All Thorney Island visits are full of interest and our specially organised tour of The Palace of Westminster was as challenging as it was fascinating since it coincided with the first day of two weeks of protests by Extinction Rebellion. The streets and bridges around the Palace were occupied by protesters who laid down in the streets, made speeches, chanted and drummed. Loudly.
Our tour began in the grand medieval Westminster Hall and we looked up at the carved angels 'holding up the ceiling' and learned that their faces were modelled on the carpenters' own wives and sweethearts. So many important historic events had taken place in the Hall including the meeting of Parliament and Simon de Montfort who led the rebels who defeated King Charles I in 1265.
We learned that the Parliamentary Estate has one thousand rooms, and that the architect Charles Barry gave the trade mark of the portcullis to Parliament. Jostling with school groups we visited both the Commons and the Lords chambers, passing through the 'nay' lobby and saw where we can petition our MP in the Central Lobby. After the Second World War the Commons needed to be rebuilt and the Prime Minister, Winston Churchill insisted that not only should the bomb-damaged arch leading into the chamber be retained, but that the design of the chamber should be 'intimate and adversarial'. We wonder whether he would do the same thing now? The coat of arms designed by the children of the murdered MP Jo Cox, hangs alone on the wooden panelling behind the seat where Jo Cox sat as a back-bencher. A moment when we all reflected.

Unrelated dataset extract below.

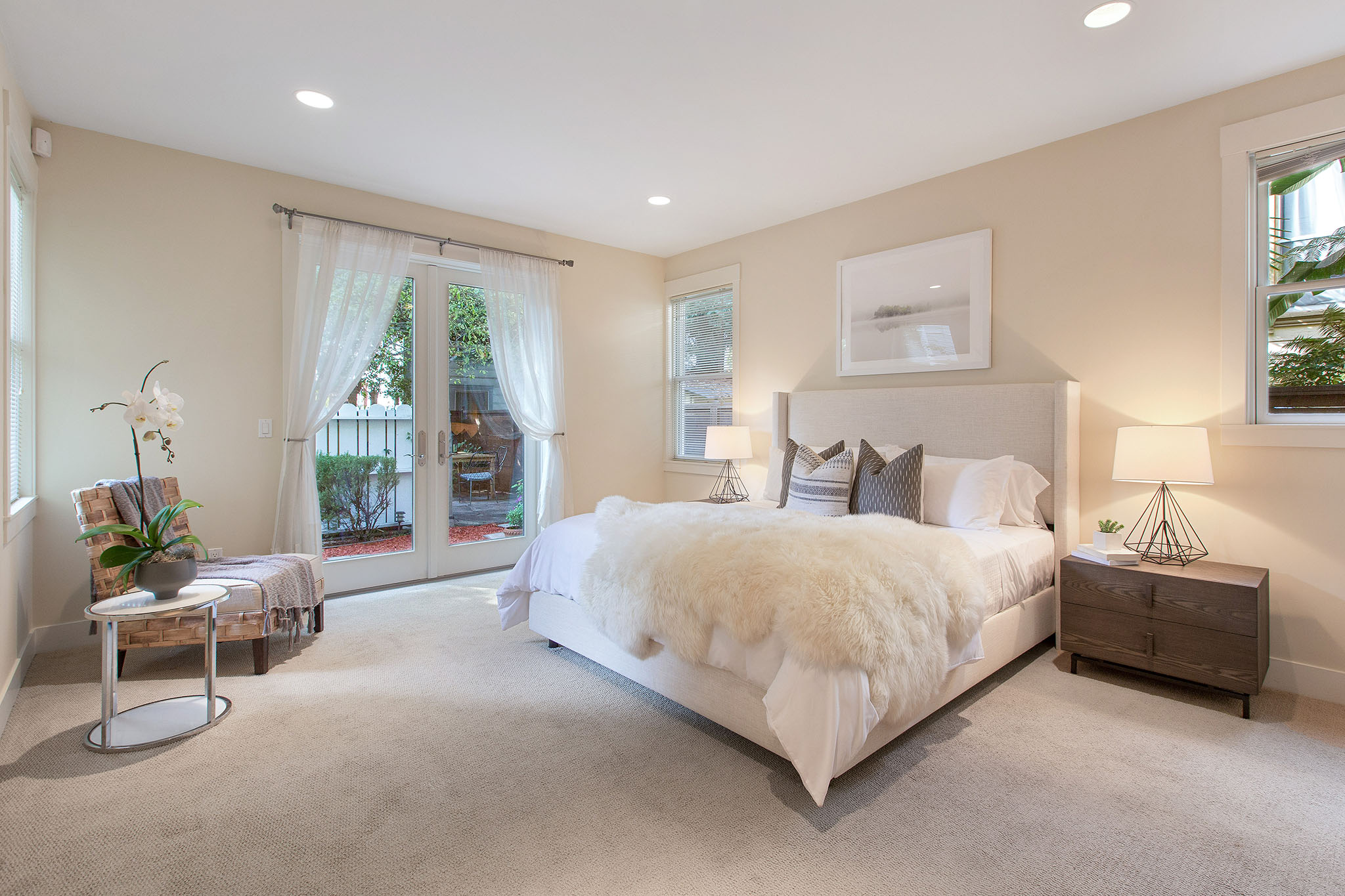 Image number 3 for slideshow of 2104 6th Street, Berkeley -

What would be the same for a Prime Minister was for all MPs - the Division Bell which rings across the parliamentary estate, giving 8 minutes to get to the Commons to vote. Said to be the time it takes for a PM 'to walk briskly' from Downing Street. Another quirky custom takes place to commemorate the Gunpowder Plot. In 1605 the plot was uncovered under the Princes Chamber and each year before the Opening of Parliament a search is made to make sure there is no repeat of the plot.

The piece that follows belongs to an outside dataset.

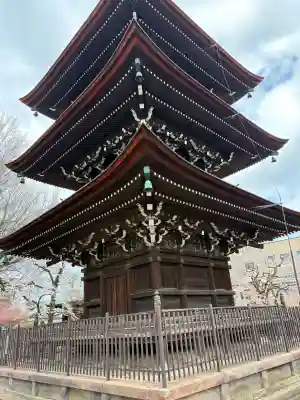 飛騨国分寺の{uncategorized: "未分類", other: "その他", undefined: "問題あり", building: "その他建物", grave: "お墓", sacred_gate: "鳥居", guardian: "狛犬", statue: "像", buddha: "仏像", history: "歴史", nature: "自然", garden: "庭園", animal: "動物", pagoda: "塔", temizu: "手水舎", mountain_gate: "山門・神門", sanctuary: "本殿・本堂", subordinate: "末社・摂社", art: "芸術", scenery: "景色", jizo: "地蔵", ema: "絵馬", goshuin: "御朱印", omikuji: "おみくじ", items: "授与品その他", amulet: "お守り", goshuincho: "御朱印帳", eats: "食事", festival: "お祭り", votive_dance: "神楽", shichigosan: "七五三参", wedding: "結婚式", experience: "体験その他", initially: "初詣", around: "周辺", anti_infection: "感染症対策"}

We heard so many details about the history of the buildings and finished by seeing the statue to which suffragettes chained themselves in pursuit of the vote and finally the inspiring art installation in recognition of the many organisations who fought for women's rights in the 20th century. The installation lights up with the ebb and flow of the Thames and makes up the symbol of the portcullis. A fitting end way to end an illuminating tour.

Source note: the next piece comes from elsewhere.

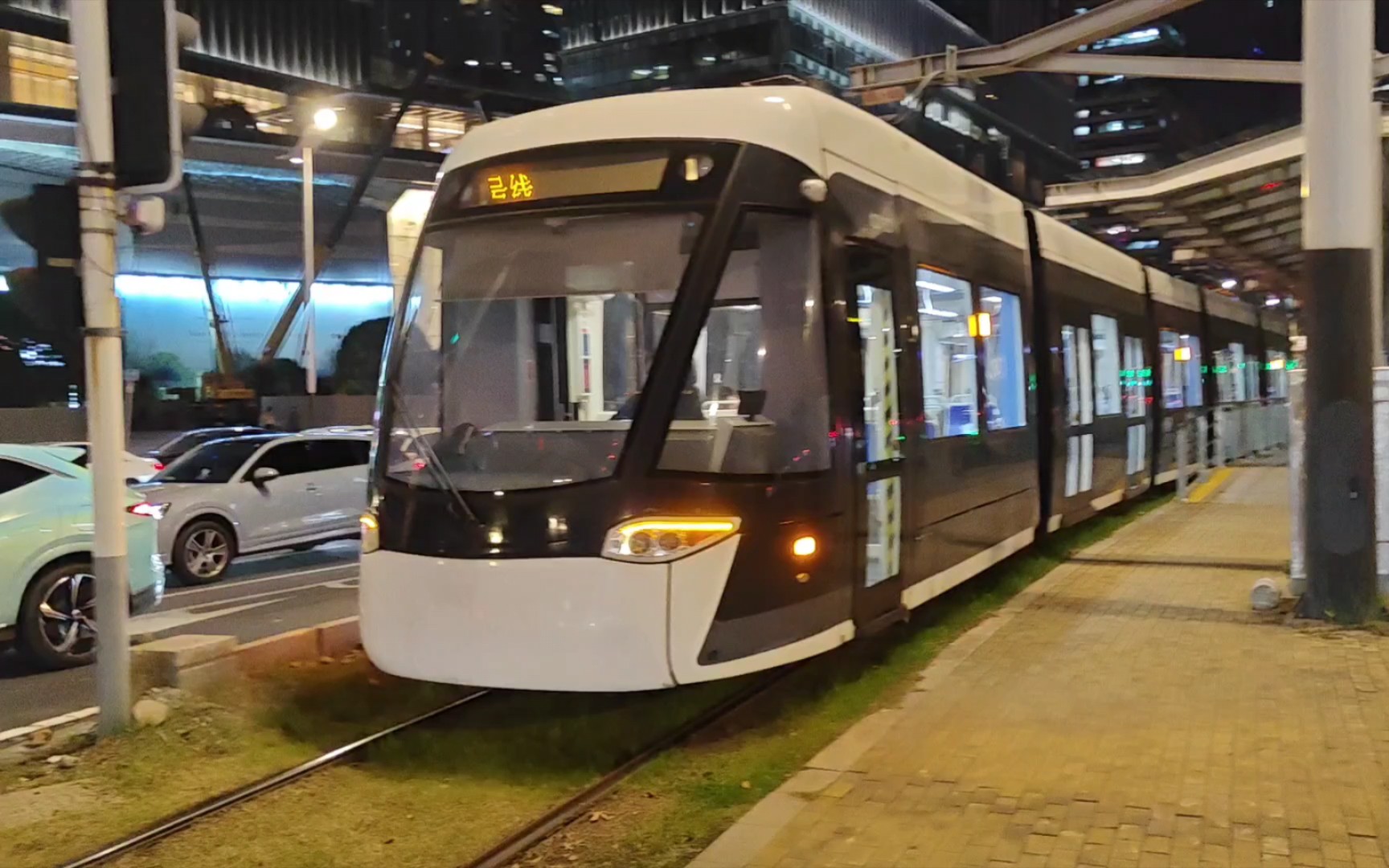 南京河西现代有轨电车一号线缓缓驶出元通站,通过河西新区cbd中心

Then off across the road to The Jewel Tower, the only other medieval building of the Palace, built between 1365-6, under the direction of William of Sleaford and Henry de Yevele, to house the personal treasure of King Edward III. We admired the wooden and stone roof and walls of the ground floor room and up the tiny staircase to further rooms above. With thanks to all those who made these tours possible.